Esattamente 53 anni fa, l’Italia vinceva gli Europei di calcio. A condurre la squadra al suo unico successo nella competizione, c’era il capitano Giacinto Facchetti, indiscusso talento calcistico e campione di fair play. Domani sera gli azzurri di Mancini inaugureranno il primo Europeo itinerante della storia del calcio giocando all’Olimpico di Roma contro la Turchia, e poco prima Gianfelice, figlio del grande campione, parlerà di ricordi, passioni e tifoserie attraverso le pagine del suo libro «C’era una volta a San Siro» (Piemme) con prefazione di Luciano Ligabue. E chissà che non sia di buon auspicio per un successo tutto azzurro.
GLI APPUNTAMENTI
Due gli appuntamenti con Facchetti, accompagnato da Adriana De Leva, coordinatrice regionale Inter club Campani che ha organizzato gli eventi, moderati da Emilio Vitozzi. Domani sarà nella palestra del campo comunale Santa Lucia di Cava de’ Tirreni alle 18, mentre sabato alle 10 al resort Baita del Re di Ottaviano.

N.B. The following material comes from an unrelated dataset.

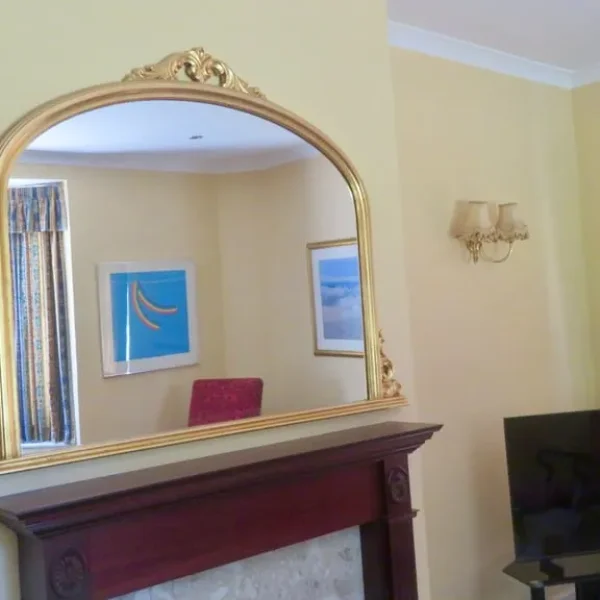 Vintage Antique Style Giltwood Overmantle Gold Framed Bevelled Edge Mirror 2 for sale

L’autore racconta di protagonisti celebrati e dimenticati, derby rosso-nerazzurri, gol indimenticabili e annullati, partendo dallo stadio. Ma nel libro c’è anche qualcosa che non ti aspetti: Napoli. In «Ho visto Maradona», definisce il genio argentino «simbolo di una delle più belle storie del nostro calcio, l’utopia di una ridistribuzione della felicità più equa e giusta». Con una finestra sulla imperdonabile distrazione che costò al ragazzino Facchetti la maglia che il fuoriclasse del Napoli gli donò ma perse a una fermata dell’autobus. Un altro capitolo racconta di Giorgio Ascarelli, mecenate illuminato ed ebreo che da solo «ha dato a Napoli una squadra e un campo» poco noto alla tifoseria napoletana. Pagine di storia nobile, quando alla sua morte prematura gli intitolarono lo stadio, e pagine amare, come la rimozione del suo nome da parte del regime fascista nel timore che la Germania di Hitler durante i Mondiali in Italia del 34 potesse giocare in uno stadio dedicata a un ebreo.